Jamás se me borrará de la memoria la sonrisa de Maddi Heguy, como tampoco la de Luzia Urigoitia, ambas desaparecidas, a un lado y al otro de la muga, bajo circunstancias tan extrañas que se hicieron oficiales dándonos a atender de inmediato que lo gubernativo, por definición, acoge automáticamente la duda y el descrédito. La tierra está sorda, nos recordaba hace poco Enrique Villarreal, cantante de Barricada.
Y en este recorrido alterado por la turbación de los recuerdos, no puedo por menos que estremecerme con aquella última reflexión de un chaval de Zalamea de la Serena llegado a Zarautz en la ruta del hambre: «mañana cuando yo muera no me vengáis a llorar, nunca estaré bajo tierra, soy viento de libertad». Aquel joven de pelo ensortijado y pantalones vaqueros, con una camiseta del Che Guevara. Ese Che universal que, en melodía de Silvio Rodríguez, «mataba canallas con su cañón de futuro».

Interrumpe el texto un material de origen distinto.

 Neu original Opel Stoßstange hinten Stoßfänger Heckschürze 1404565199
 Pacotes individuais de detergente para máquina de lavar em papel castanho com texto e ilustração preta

Tenía 17 años cuando lapidaron a Txiki y a Otaegi y no me olvidaré jamás ni del lugar, ni de la hora ni de quién me transmitió la noticia. Desgraciadamente, me ha sucedido en decenas de ocasiones, con otras tantas malas noticias. El otro día, bajaba de Mandubia hacia Azpeitia y, después de Matxinbenta, paré el coche en Nuarbe. No soy cristiano, pero sentí una llamada, como las que relataba Jack London. La llamada de los míos, de los nuestros. Y me acerqué al cementerio a dejarle a Ángel unas pocas flores que arranqué de un prado cercano.
«Puedo escribir los versos más tristes esta noche», comenzó en una ocasión Pablo Neruda. Y sé que puedo hacerlo porque el desasosiego ahonda entre la soledad y los recodos de la memoria. Cientos de nombres, de inquietudes, de golpes de aire, anidan en los pliegues más hondos de nuestra piel. Puedo hacerlo pero no quiero.
La mochila de mi vida, escasa y con cuatro trapos, un par de libros y miles de recuerdos propios y, sobre todo, ajenos, está forrada de rojo y, en su exterior, bañada en el verde de la esperanza. Llegamos a donde estamos gracias al compromiso de una avalancha de, a veces, anónimos amigos y, otras, cercanos colegas, que nos dejaron en esa avenida de contiendas y luchas.
Una avenida por un mundo mejor, no por la eternidad como entienden los fanáticos religiosos. Por un mundo libre de tiranos, de especuladores, etc. La lista sería tan larga que más de uno de ésos, de los nuestros, esbozaría una sonrisa de complacencia. Sí, efectivamente, existen tantos motivos que no merece la pena enumerarlos. Un día, probablemente, seremos libres. De cualquiera de las maneras, habrá valido la pena.